CHAPTER VII
A PERILOUS STEP
Diane de Castro in her apartments in the royal palace was meanwhile leading a miserable existence of grief and mortal terror.
Yet every tie was not broken that bound her to him who had loved her so dearly. Almost every week André the page was sent to the Rue des Jardins St. Paul, to make inquiries of Aloyse concerning Gabriel's welfare.
The information which he brought back to Diane was far from reassuring. The young Comte de Montgommery was always the same,—moody and anxious and gloomy. The good nurse could not speak of him that her eyes did not fill with tears, and her cheeks lose their color.

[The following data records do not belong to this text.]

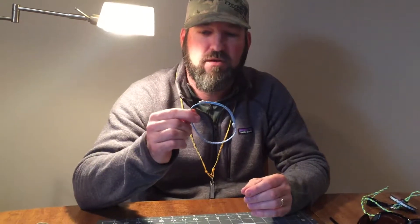Hey there, and today I just want to show you a little instructional video on how to adjust your fly vines bracelet.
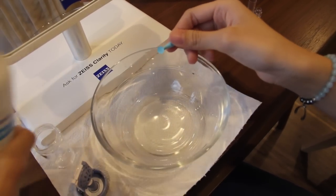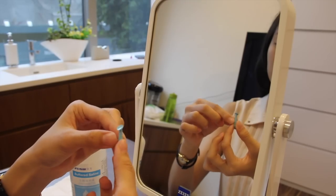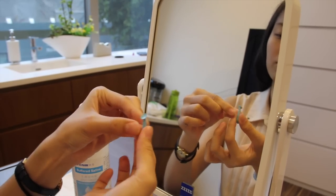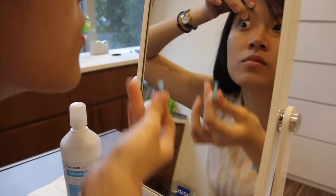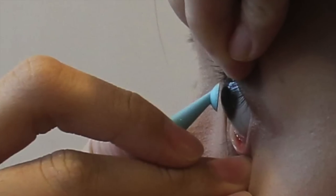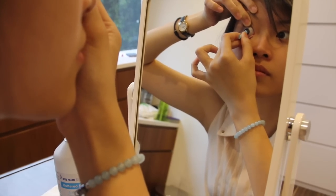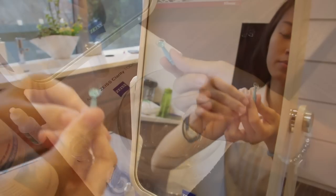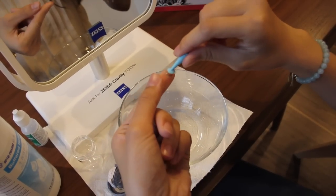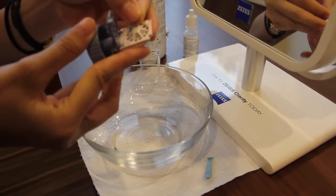Rinse the suction pump with saline. Similar to lens insertion, use your free hand to pull down your upper eyelid and use the middle finger to pull down on your lower lid. Make sure the face of the suction pump is flat and not at an angle. Then, gently press the suction pump on the lens. Slide the lens out — make sure not to pull it out as it may break the lens. Finally, place the lens into the cage for your daily cleaning routine.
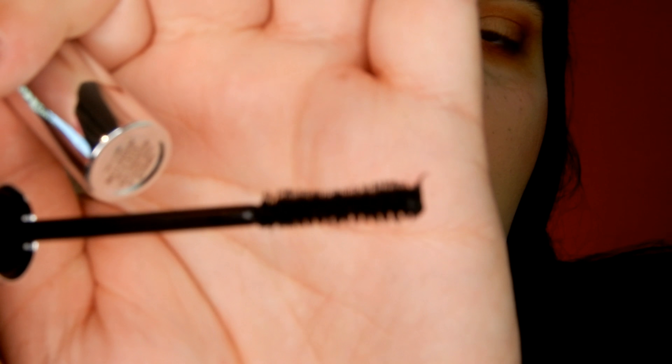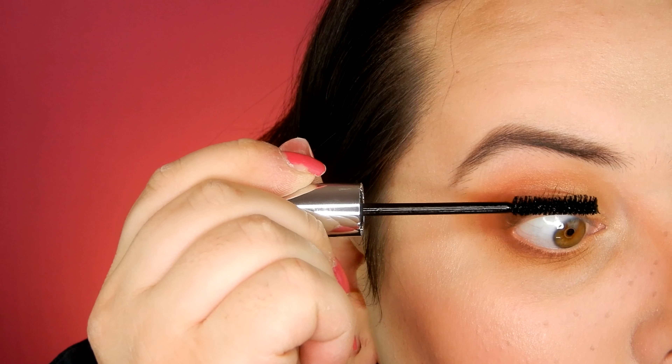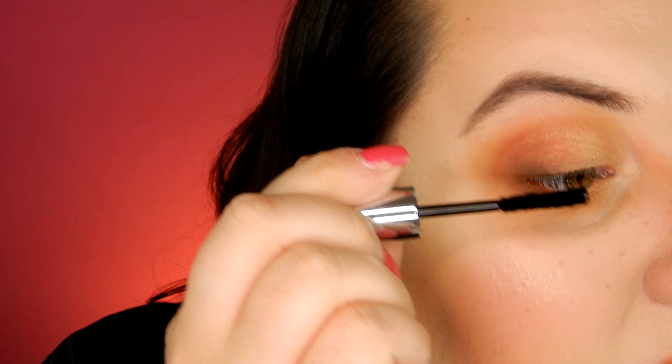Let me zoom you guys in — this is the mascara wand, and then I'll show you the fibers. It's like a really fuzzy, small little brush. I'm going to apply it to one eye and then quickly do the fibers, because you have to apply them while the mascara is still wet. Going in now — it's actually not a bad mascara. Now we're going to apply the fibers.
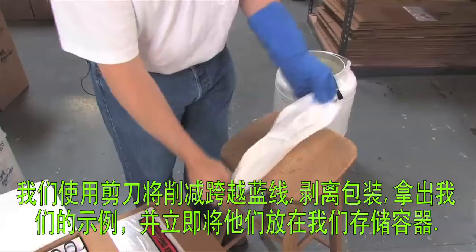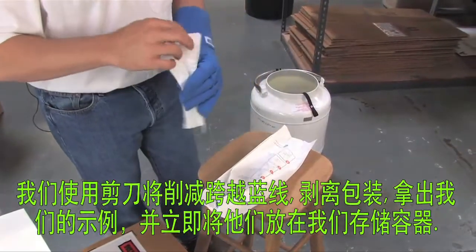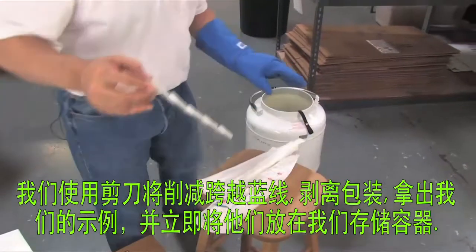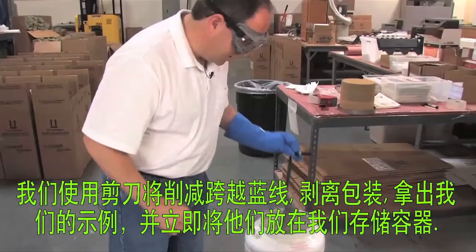Peel back the packaging, remove our samples, and immediately place them in our storage container.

Diane hesitated fora long while. Finally, one morning during this same month of June she took a decided step in order to put an end to her dread.

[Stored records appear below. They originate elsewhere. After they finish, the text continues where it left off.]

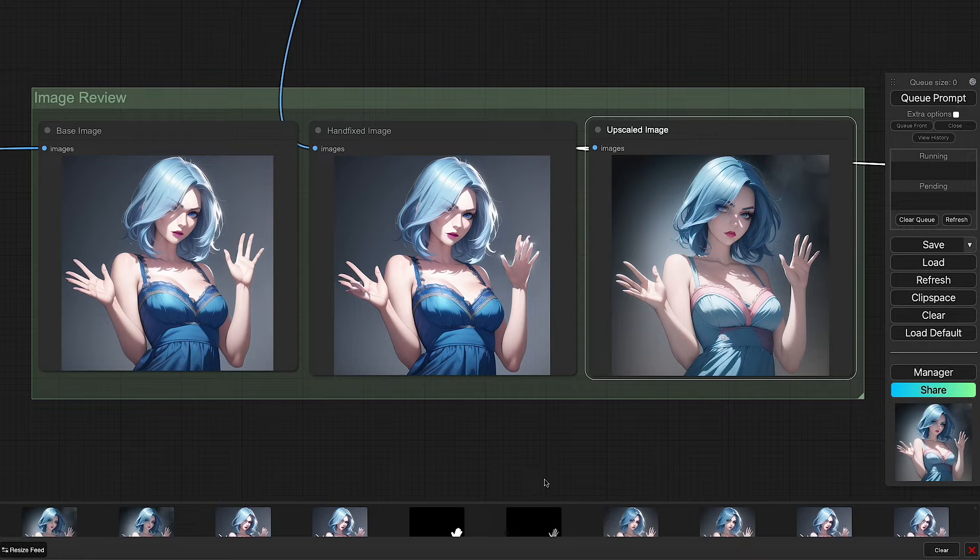Hi everyone and welcome back to the channel. Today we're covering a new solution that's dropped to improve fixing hands, something that continues to plague many stable diffusion images. You can see here in this example how the hands flow from the initial generation and how they improve with each step.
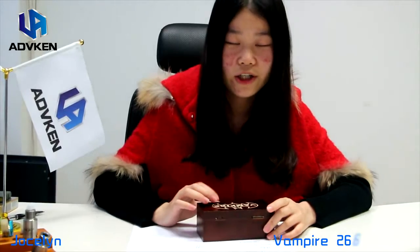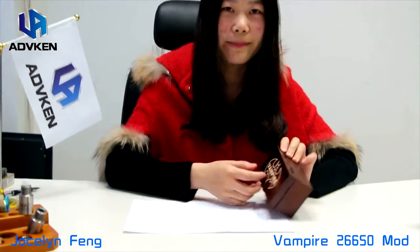Hello, this is Jocelyn from Advocate. Today I would like to introduce you one mechanical mod one pair.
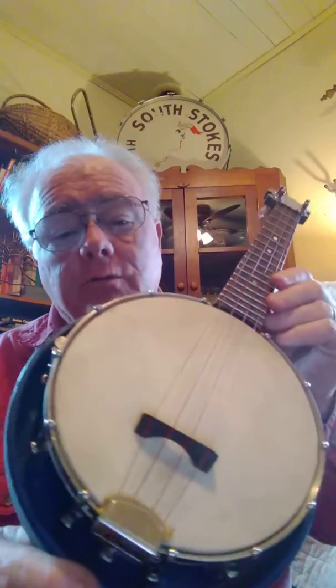It's got the original hard shell case — there'll be pictures of that on YouTube. The banner blue is still really crisp and clear. Original Champion style ukulele tuners. You just can't go wrong. Great sound. If you want to play it open back, two screws and you take the resonator off. Thanks for looking.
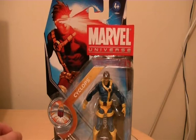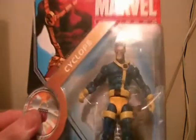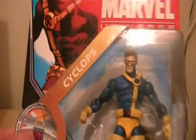Hey guys, so I'm back doing a Marvel Universe again. These are the new Marvel Universe figures that got released this year, 2011. The year is nearly over, so I just thought I might do some quick Marvel Universe reviews for you — three separate reviews. So here is the first one: Jim Lee Cyclops, one of my favourite X-Men characters.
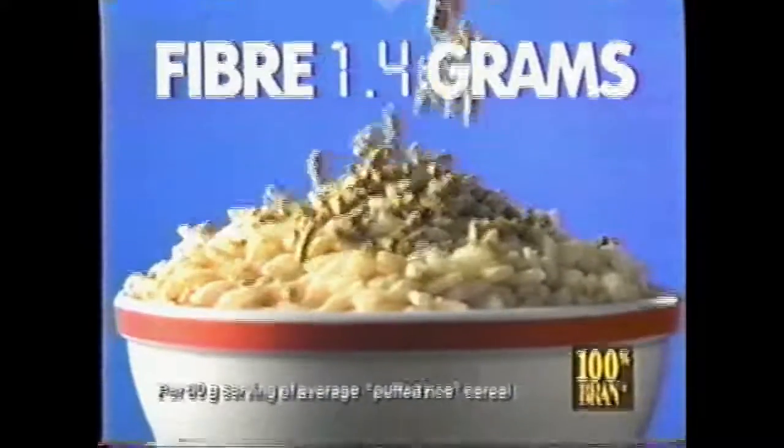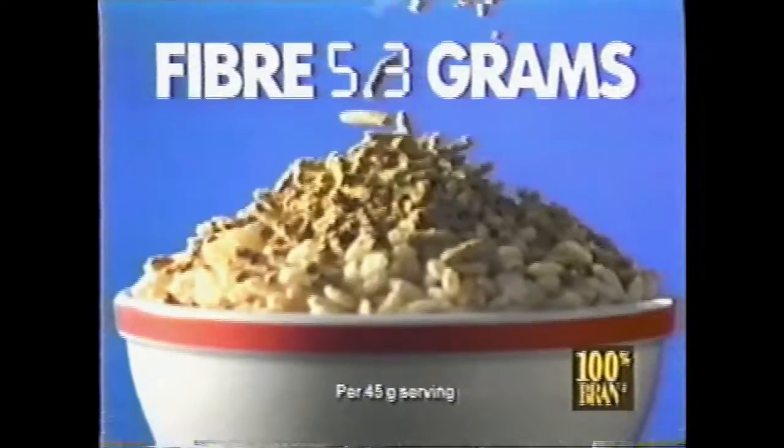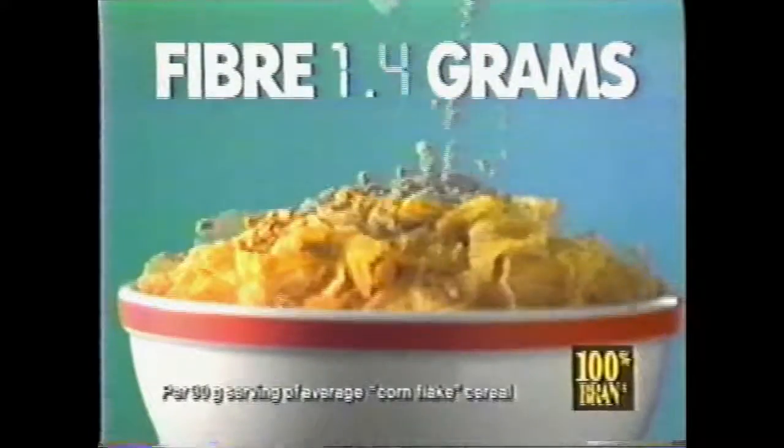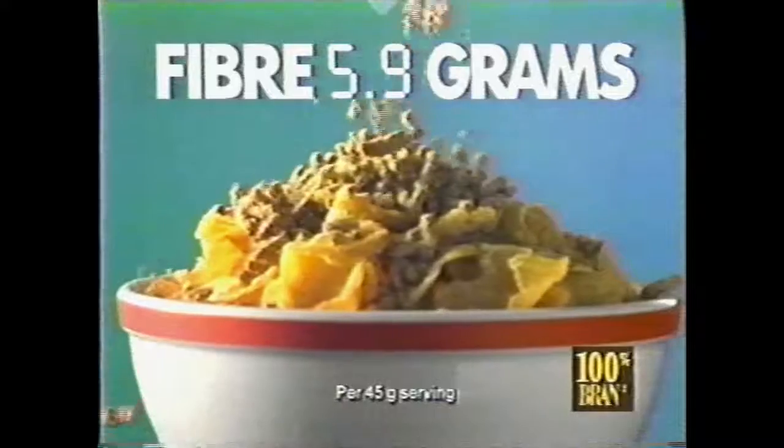It's amazing how easy it is to increase the fiber in your favorite cereal. Just sprinkle on a quarter cup of 100% Brand cereal. It's the easy way to enjoy all the goodness and good taste of your favorite cereal while adding more wheat fiber to your diet.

She wrapped herself in a very modest cloak, hid her face under a veil, and left the Louvre at an hour when people were scarcely stirring there, accompanied by André alone, with the purpose of visiting Gabriel at his house.
Since he avoided her and made no sign, she would go to him.
Surely a sister might visit her brother! Indeed, was it not her duty to warn him or console him?
Unfortunately, all the courage which it had cost Diane to resolve upon that step was to be in vain.
Gabriel also selected the lonely hours of the early morning for his wanderings, which he had by no means abandoned; and when Diane knocked with trembling hand at the door of his house, he had already been gone more than half an hour.
Should she await his return? It was always uncertain, and a too long absence from the Louvre might expose Diane to slander.
But no matter; she determined to wait at least until the expiration of the time she had set aside for the visit.
She inquired for Aloyse, for she also desired to see her, and question her with her own lips.
André escorted his mistress into an unoccupied room, and went to inform the nurse.
Not for many years, not since the happy days of Montgommery and Vimoutiers, had Aloyse and Diane met,—the woman of the people and the daughter of the king.
Yet both their lives had been engrossed by the same thought, and anxiety upon the same subject still filled their days with dread, and robbed their nights of sleep.
So when Aloyse, coming hurriedly into the room, would have bowed low before Madame de Castro, Diane threw herself into the good woman's arms, and warmly embraced her, saying as she used to say in the old days,—
"Dear nurse!"
"What, Madame!" exclaimed Aloyse, moved to tears, "do you really remember me? Do you recognize me?"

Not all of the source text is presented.